Euroshareholders and WFIC will be holding their annual meetings in Ljubljana, Slovenia in September 2012.
Ljubljana, the capital city, is the cultural, educational, economic, political and administrative centre of Slovenia.
Enjoy Slovenia... Slovenia is celebrating its 20th anniversary as an independent nation this year. Since the Middle Ages, the land of the Slovene people has been repeatedly absorbed by empires and dictatorships — the mercantile Venetians (hence the Italian influence), the Austrian (and later Austro-Hungarian) Empire and finally Yugoslavia, from which the Slovenes separated themselves in 1991 after a 10-day war with the Yugoslav army.

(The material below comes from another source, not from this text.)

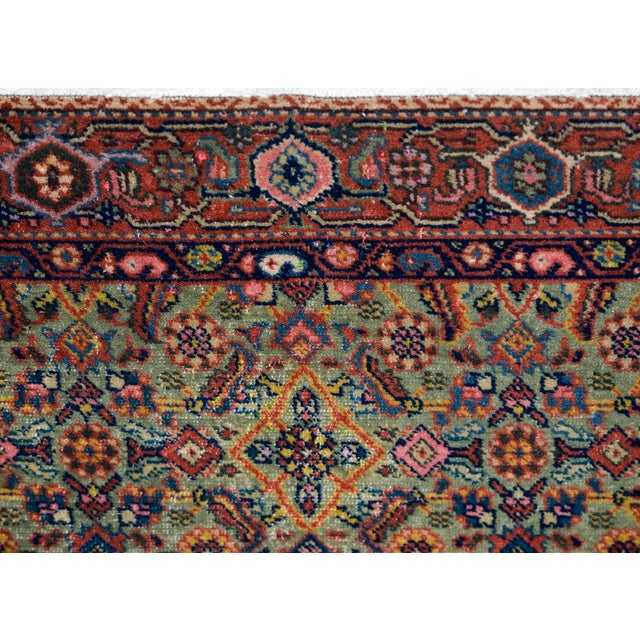 Textile Early 20th Century Sultanabad Rug For Sale - Image 7 of 11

The intervening years have seen a full charge toward European integration. Slovenia was admitted to the European Union in 2004 and adopted the euro in 2007. Its international airport, just outside the capital city of Ljubljana, is in the midst of a 10-year expansion that will further reveal this often overlooked Slavic country to the world. Ljubljana, a city that brims with faded Hapsburg glory, with cobbled lanes lined with medieval town houses, Baroque churches, and stately 19th-century edifices are a sharp contract to the concrete eyesores left over from decades of Yugoslav Socialism.
Though only 280,000 Slovenes inhabit their capital — including some 50,000 students — the city is full of personal and cultural energy. Posters trumpet new spaces like Kino Siska, a former cinema transformed into a performance hall and the new Museum of Contemporary Art.
A two-hour trip through a landscape of pine forests and distant jagged hills leads you to one of Slovenia's best-kept secrets on the horizon: the boundless blue of the Adriatic. Only about 30 miles long, Slovenia's coast lies between the seaside expanses of Italy above and Croatia below. During the centuries that the Austrians were occupying the rest of Slovenia, the wily Venetians were running a lucrative salt trade in Prian, using the profits to build one of the loveliest settlements on the Adriatic with townhouses that radiate with sherbet colors — peach, lime, strawberry.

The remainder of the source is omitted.